For this week’s 1962 “Then” photo, brave Seattle Times staff photographer Larry Dion looks to the southeast from the then still-admired viaduct. Obviously shaken by the fire and its falling debris, the armory would not recover. It was eventually demolished in 1968, after attempts to preserve it failed. The bricks were sold for salvage to a company that fenced the ruins for their picking. After the fence was removed, an old friend, John Cooper, a local banker who also was a spare-time collector of abandoned or forsaken items such as salvaged bottles, discovered that several rows of dirt-covered bricks had been missed along the building’s south wall. Cooper rescued and employed them for a rustic facade on a home he owned in Shoreline.

Demolition of the Old Armory at Western Avenue and Lenora Street was begun yesterday. The structure has been one of the city’s eyesores since in was damaged heavily by fire January 7, 1962. The cit plans to purchase the site for $206,000 and later sell it for inclusion in the Pike Plaza project. (Courtesy, The Seattle Times)

Jean Sherrard reveals his tactful tactics for finding the prospect of the fire photographer in 1962: “In late March of this year, the Alaskan Way Viaduct was torn down almost to Lenora Street, and the crash and roar of demolition raged behind barriers and chain-link fences. Trying to repeat the ‘Then’ photo of the burning armory, taken from a now-disappearing section of the viaduct, sent me to the waterfront, looking for a comparable vantage point. A colorful lineup of five-story condos and hotels begins at Pine Street and continues north until Bell.
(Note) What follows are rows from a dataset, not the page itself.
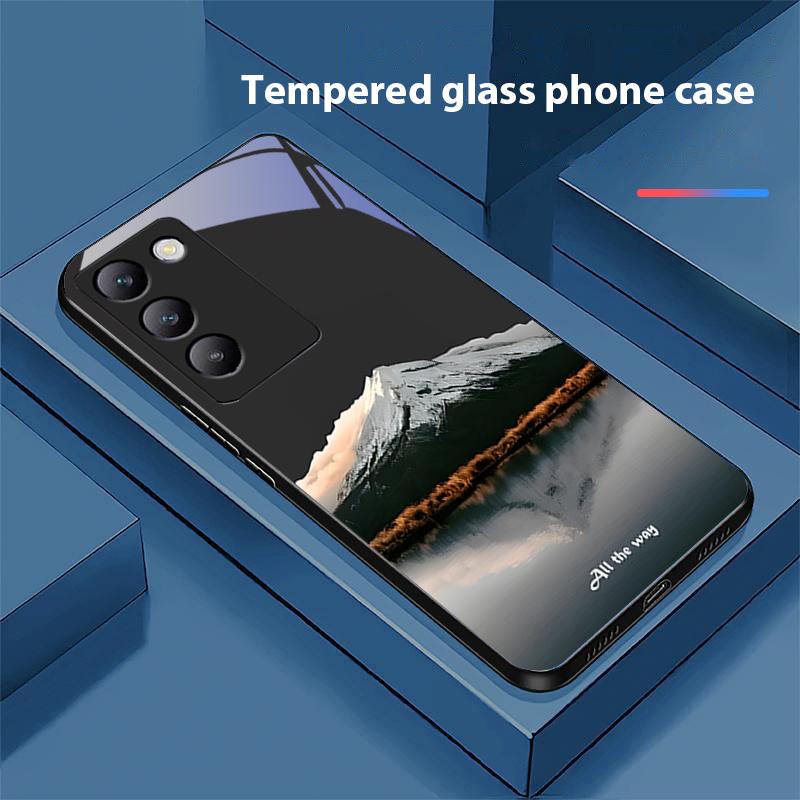 Dark Forest White For Y72 33S 11 03 36 96 Lite 35 16 Iqoo 12 V40 SE 5G 29 40 21 30 X80 Pro Vivo Tempered Glass Phone Case Black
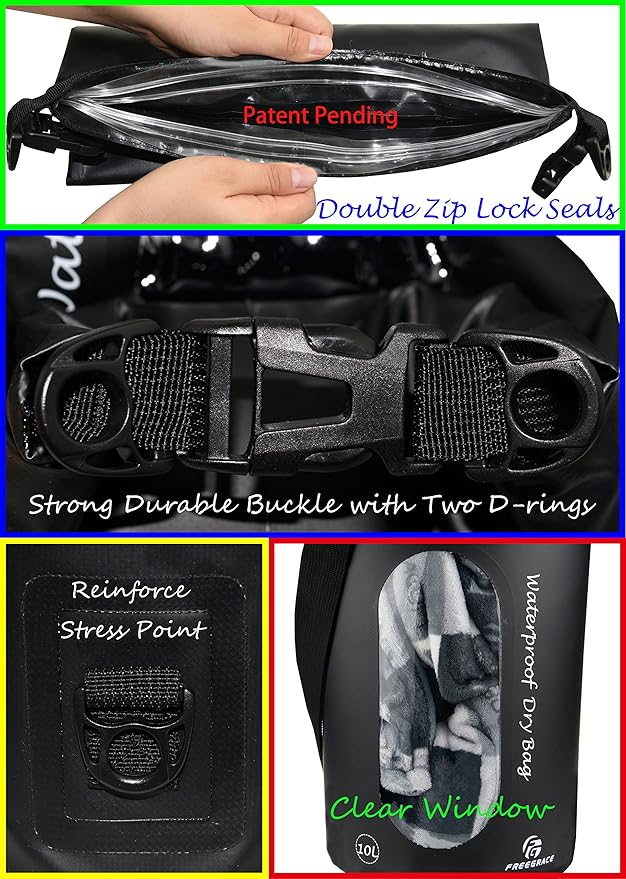 Waterproof Dry Bags Set of 3 Dry Bag with 2 Zip Lock Seals & Detachable Shoulder Strap, Waist Pouch & Phone Case - Can Be Submerged Into Water - for Swimming (Black(Window), 10L)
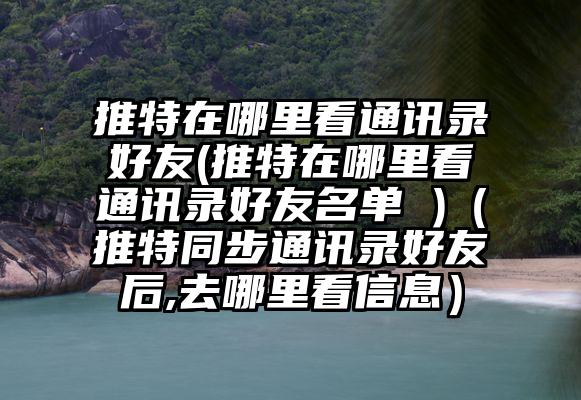 推特在哪里看通讯录好友(推特在哪里看通讯录好友名单 )（推特同步通讯录好友后,去哪里看信息）
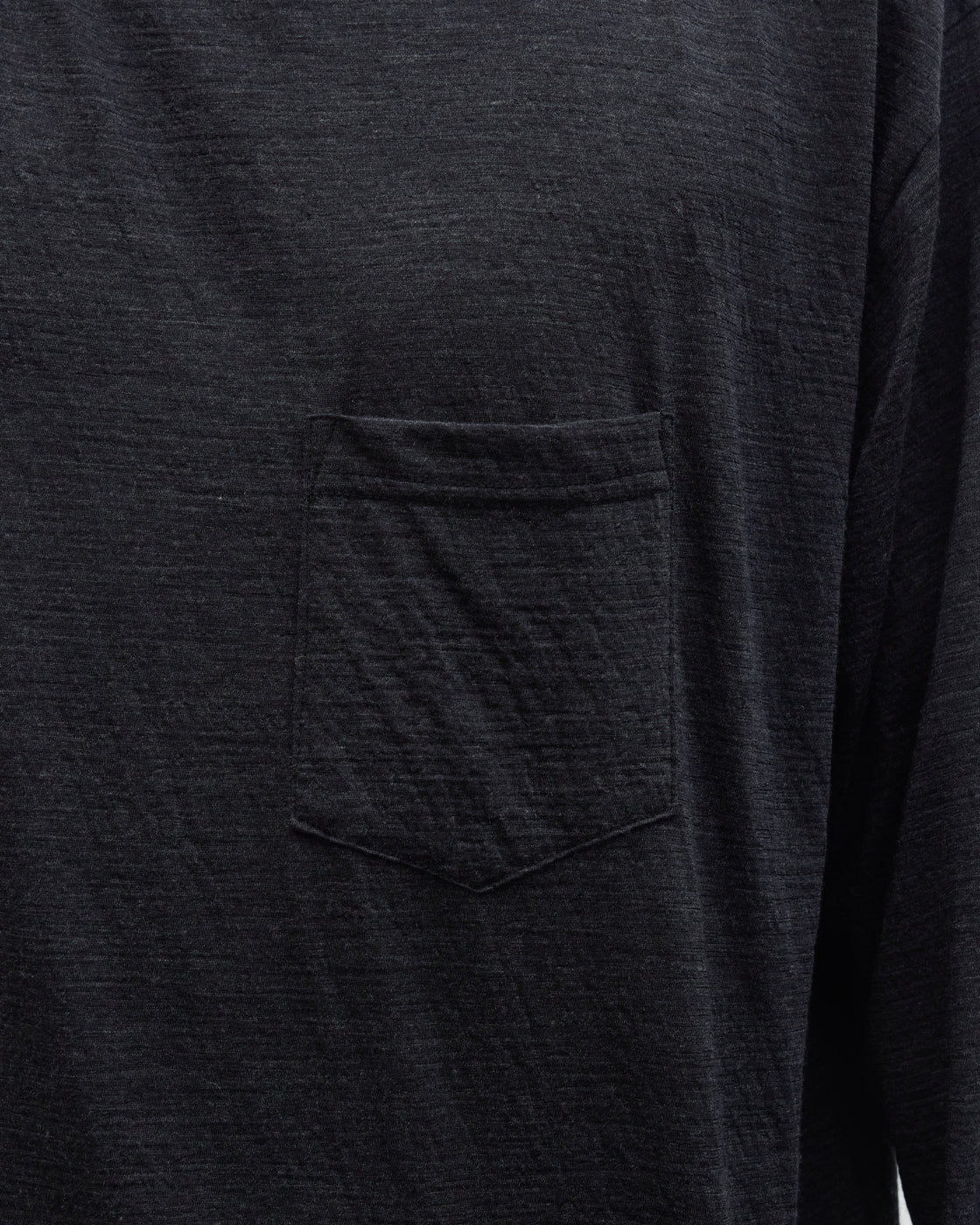 1027 Super 120's TOP Wool Jersey Long Sleeve Pocket Tee, Charcoal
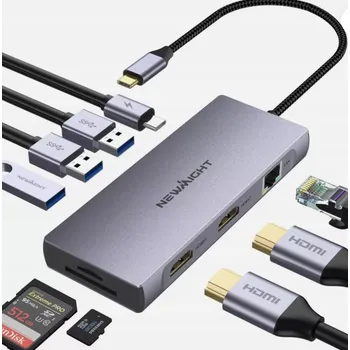 USB hub HUB 9v1 USB-C Adaptér HDMI LAN USB 2.0 3.0 SD TF USB-C NewMight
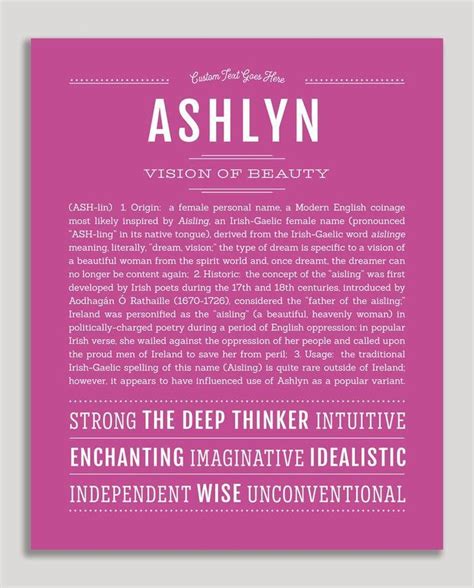 Ashlyn | Name Art Print | Personalized art print, Classic names, Names ...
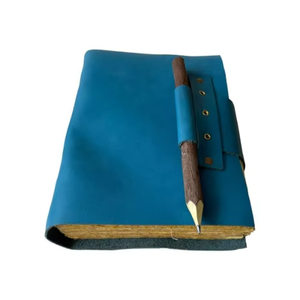 Diario de Cuero Azul Hecho a Mano, Cuaderno de Escritura Vintage de Tapa Blanda, Diario de Hechizos, Planificador de Viajes, Encuadernado con Hilo Cosido, Regalo con Borde Deshilachado - Product Image 1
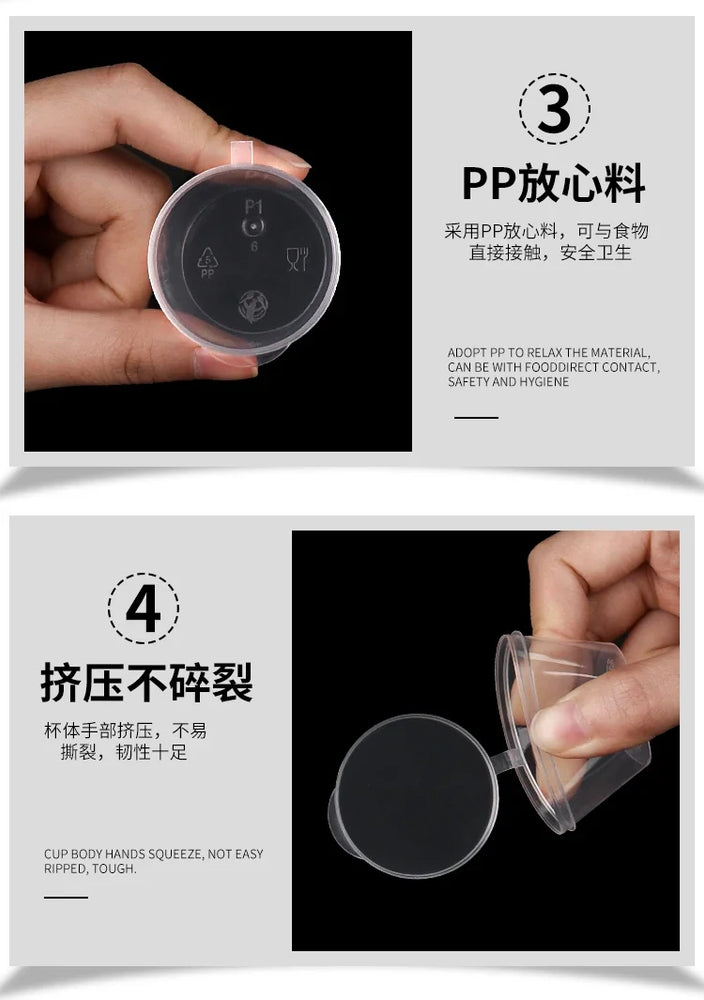 100pcs Disposable Sauce Takeaway Packaging Box Round Sealed Containers With Lid for Chili Oil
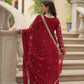 Plum Blooming Sequin Anarkali Gown Set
“Perhaps understandably, building managers are reluctant to allow access to their rooftops, but after some shimmy and jive and an appeal to history, I was allowed to clamber freely and snap away. The ‘Now’ photo approximates the same prospect as the ‘Then’ (back 100 feet), with a view of the soon-to-be demolished viaduct just below Market Place One and Two, the commercial structures that stand on the footprint of the old armory. The original steep hillside that confronted Seattle’s earliest settlers still looms above the waterfront.”

WEB EXTRAS

This week, we’re inaugurating a spanking new feature: Seattle Now & Then 360, which includes a 360 degree video of the ‘now’ location, along with a reading of the pertinent column. Enjoy!
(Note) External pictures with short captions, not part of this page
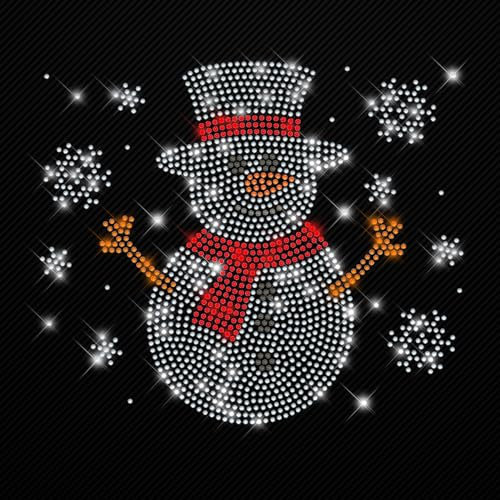 Glitzerdeals Bügelbilder Karneval Strass Schneemann mit Schneeflocken Aufbügler für Textilien Schneemann Bügelmotiv Schnee Strass Bügelbild Schneemann
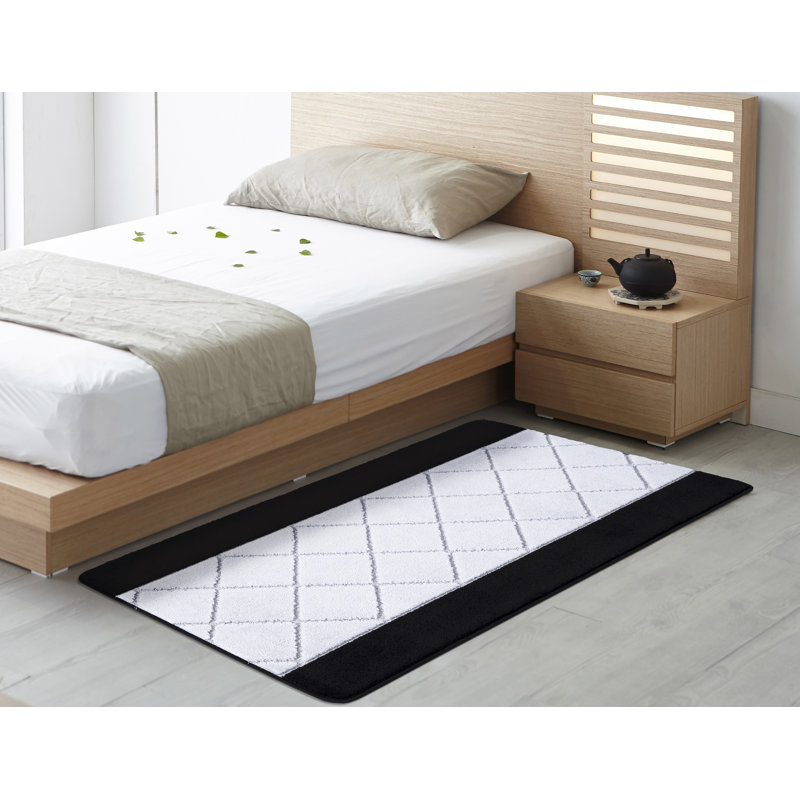 Damia Striped Area Rug, Black/Grey, 80cm W x 150cm L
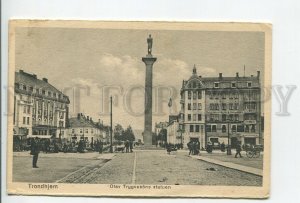 460450 NORWAY Trondheim Olav Tryggvason statue shops outdoor advertising Vintage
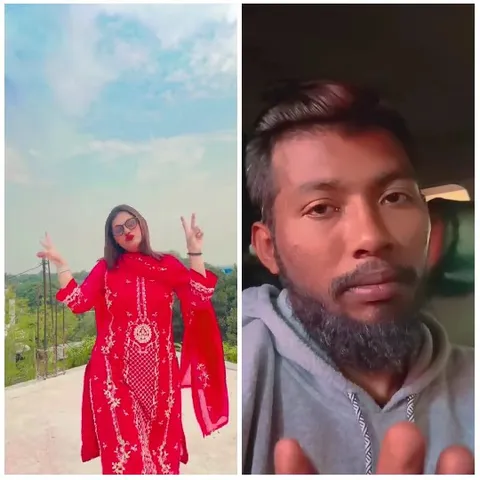 Woman in Red Outdoors, Man Indoors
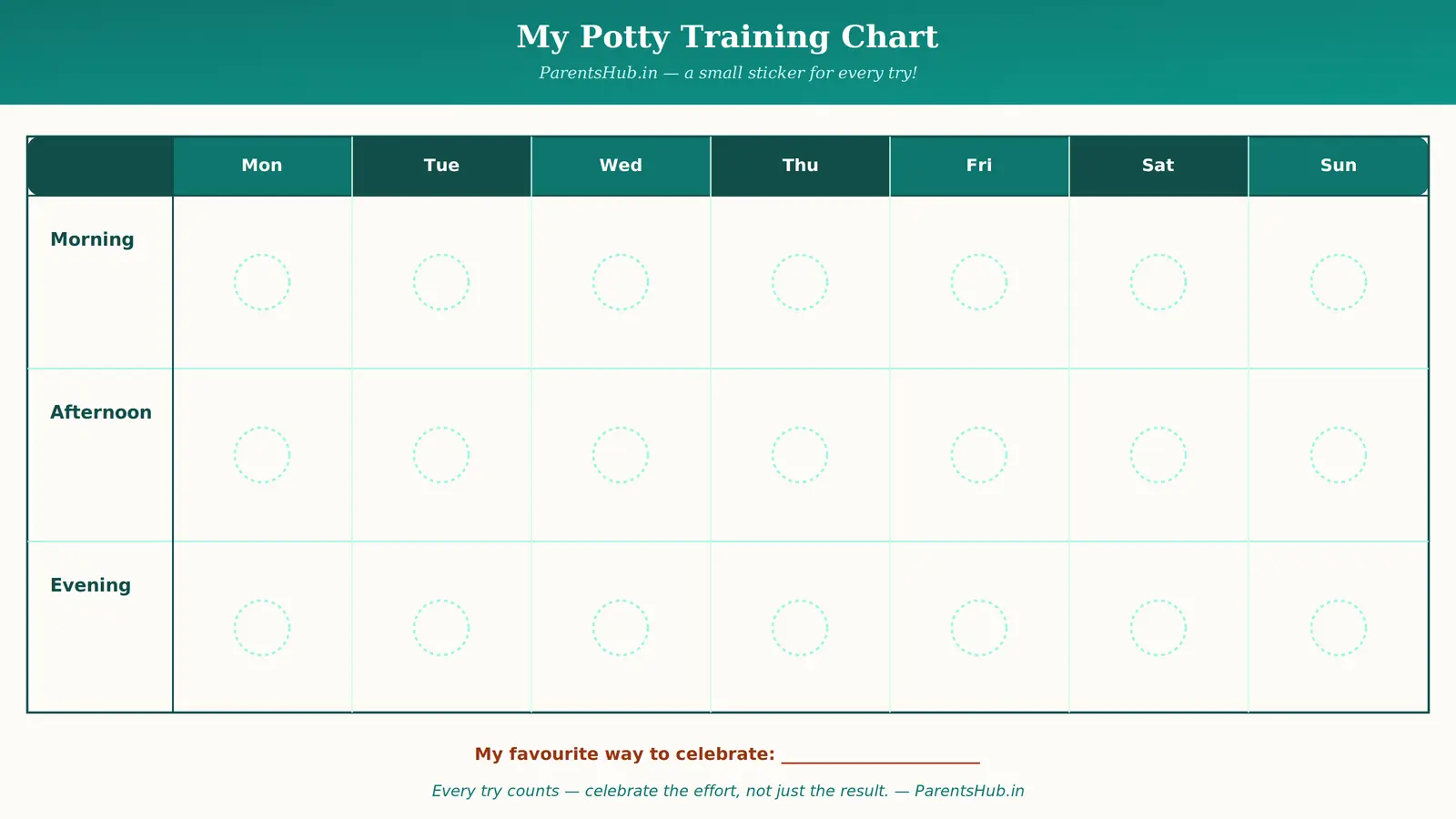 Printable seven-day potty training reward chart for toddlers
Anything to add, lads?  Nahh just a little. You have already added so much JEAN.  I hope the readers are thrilled by your new – sort of – Deux Ex Machine.  I am.

=====

The Viaduct behind an Acres of Clams Clam Eating Bowl (contest)

=====

=====

=====

=====

 

====

=====

=====

=====

=====

=====

=====

=====

=====

=====

=====

=====

=====

=====

 

=====

 

=====

 

=====

BLOG TROUBLES & SHAMELESS COMMERCE

Montesano girls - Count the Stars and Stripes

UNINTENDED EFFECTS

You may have noticed that here – recently and often – you cannot notice.  The blog is up and down regularly as of late.  Now it is up for as long, I hope, as it takes to write that we are looking for alternatives to our present server.   In Paris, Berangere is too far away to fix it.   Wherever – now in Wallingford – I don’t know how.  And so Jean has had to stretch his work bench to handle these – to use now two rarely used categories from our “All Gategories” list for this blog –  “unintended effects” and this “shameless commerce.”   Last Sunday’s now-and-then got no “extras” to the title story about the regrade on Spring Street between Fifth and Sixth Avenues because, again, we could not “write to” or add additional contributions to the blog.  This coming Saturday/Sunday we hope to elaborate on the Repertory Theatre feature that will be published in Pacific – we think – and I will then contribute as well a few of the missed “extras” to the Spring Street story.  Meanwhile we await our fates while trying to keep our faiths.  But then what became of these students (below) in the well-ordered typing and shorthand class at the Wilson Business College in Seattle, ca. 1900?

Human Hair - usually yours or a relative's - Art (not for sale - courtesy Granite Falls Historical Museum)
Pedestrians at First and Wall, March 7, 2013

'The Elephant and the Owl' by Pineola

Whether or not you attended our (Another) Rogues’ Christmas show, there’s still time to grab a wonderful stocking stuffer for the music lover in your life.

Yep, it’s Pineola’s latest CD, The Elephant and the Owl, comprised of songs written for and inspired by the stories told at Short Stories Live at Town Hall this past Sunday. A truly remarkable collection we most highly recommend. Available for purchase or download at the Pineola website.

A Blog Apologia – Our First – "Thanks for the Memories"

We are, you see, back with the blog.  A brief history of our collapse: it began about two weeks ago soon after the Riverside feature got posted Jan 22.  After that it sputtered and then died.  It complaints might have reminded you of an original VW bug engine wanting more power.  And without understanding why – except for relief – we gave it . . . more power.   So now we are up and running more expensively.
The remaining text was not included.